The Cancer Chat Thread- share and care :)

Mum had 3 tumours a couple of years ago. Once they were removed her symptoms improved dramatically and she went back to living a normal life. Unfortunately, they symptoms have come back recently. She had a biopsy done on Friday. We're waiting to hear back from the hospital. No idea how long it'll take. I'm annoyed I can't be with her right now. I had to come back to Uni for exams. I cannot even begin to imagine what she must be going through.

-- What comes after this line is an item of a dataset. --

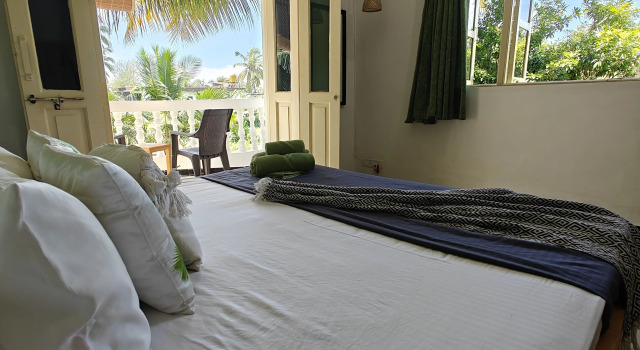 5 makuuhuonetta Luksus Villa parvekkeella näkymä SOLS Backyard Bungalow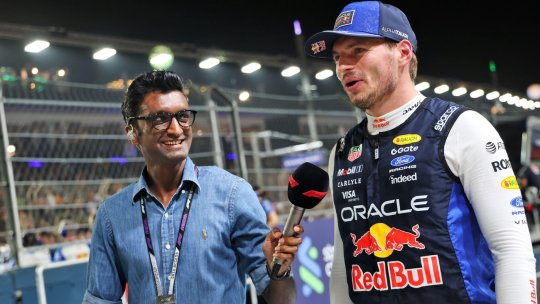 Verstappen nu le-a lăsat vreo șansă rivalilor în Singapore. Antonelli, pe locul 3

I know the exact mutation you're talking about and I have a 50% chance of having it too but haven't been tested yet, I've never met someone with the same problem so I'm here to talk if you want! How old are you now and how long have you known about it?

I'm 19 years old and I found out in March 2012. How old are you? Do you want to get tested to find out? My little brother is 15 and also has 50% risk, but can't be tested yet as they consider him too young.

How do you feel about it? Have you always known about the risk? I'd known it was a possibility for as long as I can remember (my parents were always very open about it) but it's a bit different when you know for certain.

I hope you don't mind me asking all this; it's just I never really know who I can talk to about it. My mum and my boyfriend were both really upset when I found out - more than me! - so I don't like to discuss it with them because I know they'll get upset. Have you told anyone about it? Do you discuss it with your parents?

Don't worry all the questions are fine! I'm still young - almost 17 and as far as I'm aware it is still considered 'unethical' to get tested before 18 so I have no plans about when to do the test. I found out at 14, none of my family were aware of the mutation, it was only discovered after my aunt developed cancer (she's fine now). While I have a really good relationship with my parents, this is the one thing I won't talk to them about. I think it's because I don't want them to think that I worry about dying and because I worry that they might blame themselves if anything ever happened to me.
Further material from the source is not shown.